The Syrian conflict through the theories of constructivism and realism Essay
The Syrian conflict through the theories of constructivism and realism
This essay aims to delineate and elucidate the Syrian conflict through the theories of constructivism and realism. Particular attention will be paid to the origin of the Syrian Civil War, along with the major actors involved in this regional, and now international, conflict.

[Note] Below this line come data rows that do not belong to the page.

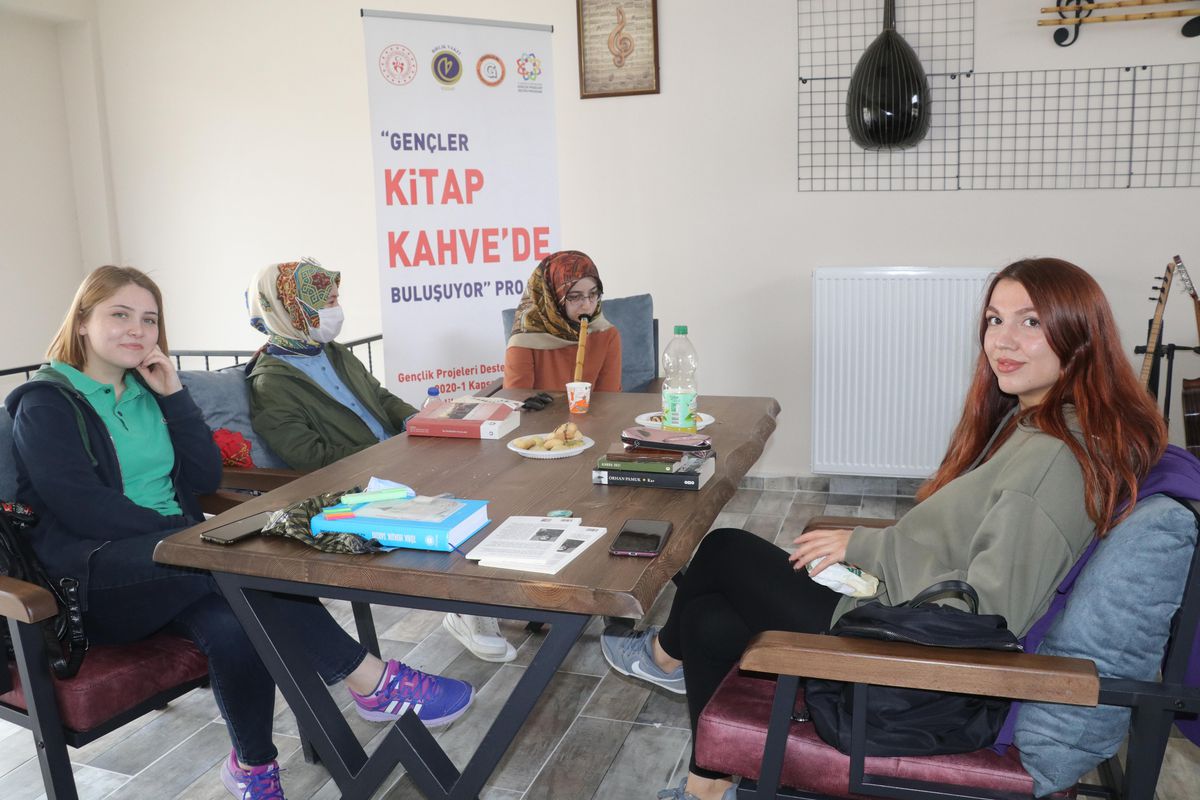 Yozgat\'ta "Kitap Kahve Projesi" hayata geçirildi
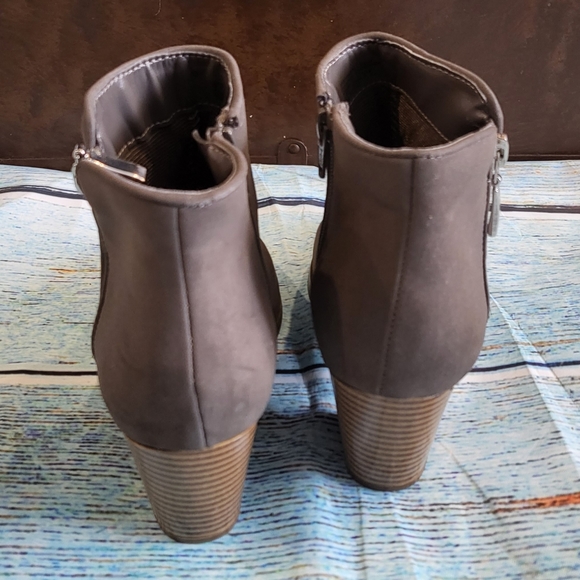 STYLE & CO Dual Zipper Ankle Boots Sz 7 - Picture 2 of 5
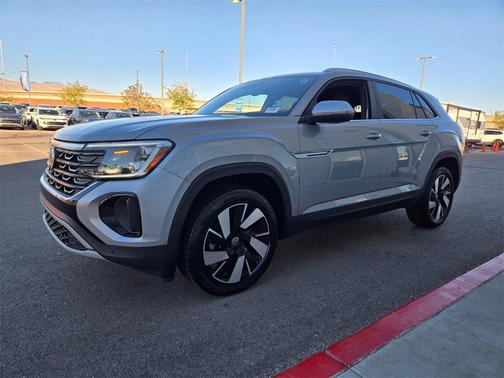 2024 Volkswagen Atlas Cross Sport 2.0T SE w/Technology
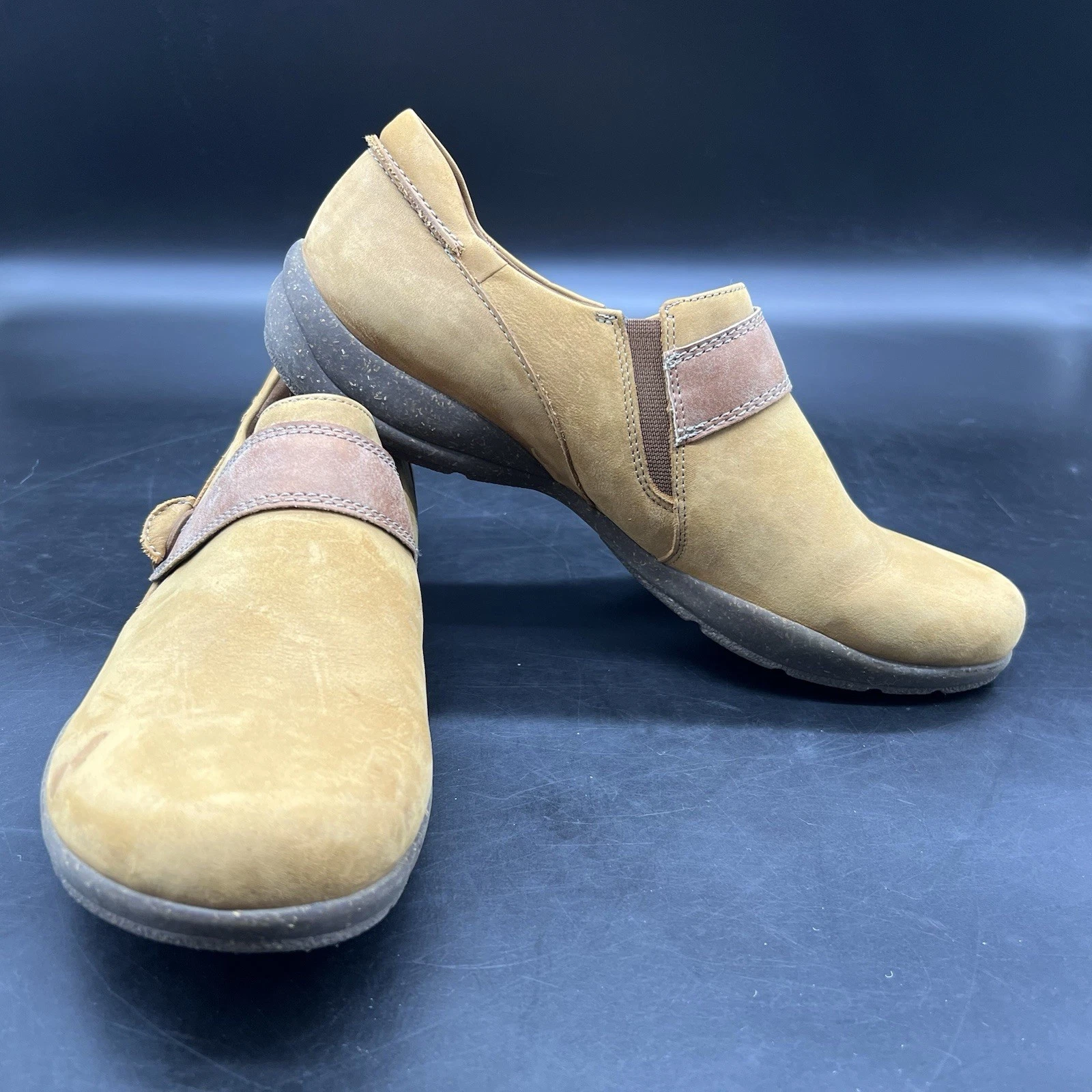 Scarpe mocassino Clarks da donna taglia 12 M Roseville a pois in pelle marrone chiaro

“The people want to topple the regime!” was the anti-government graffiti on the wall of a local school in Daraa city painted by a group of Syrian children on March 2011. Those children were arrested and tortured by the local security authorities (Diehl, 2012: 7). This act eventually led to an anti-governmental uprising due to the outrageous reaction of the community over children’s mistreatment after incarceration by the local security authorities. The uprising demanded the release of children, justice, freedom as well as equality for all people. At the core, these peaceful demonstrations were considered to be against the sectarian and family dictatorship because the political power was mainly held by the Alawite elite (Diehl, 2012). In response to these demonstrations, the Syrian government planned to enforce security forces for the protestors to suppress them. The deadly aggression used by the government to oppose dissent led to protests across the country calling for the president to resign. Violence soon escalated as the government battled hundreds of rebel brigades. This rebellion further turned into a full-fledged civil war between the Free Syrian army and the Syrian regime (Thompson, 2016). The main allegation that the Syrian regime associated with the protestors was that they were Islamic Al- Qaeda’s extremist terrorist gangs who were supported and funded by the various countries such as Turkey, Qatar, the kingdom of Saudi Arabia as well as the United States of America which they try to seek peace with Israel (Sommier, 2014). Similarly, the same Syrian regime who was supported by Russia, China and Iran, was present in the front fire line with Israel (Fisher, 2012). Since then, the regional and international intervention has proven to be a key factor in the power struggle as the government and opposition have received financial, political and military support. This has directly intensified the fighting and allowed it to continue; Syria is effectively being used as a proxy battlefield (Wimmen and Asseburg, 2012).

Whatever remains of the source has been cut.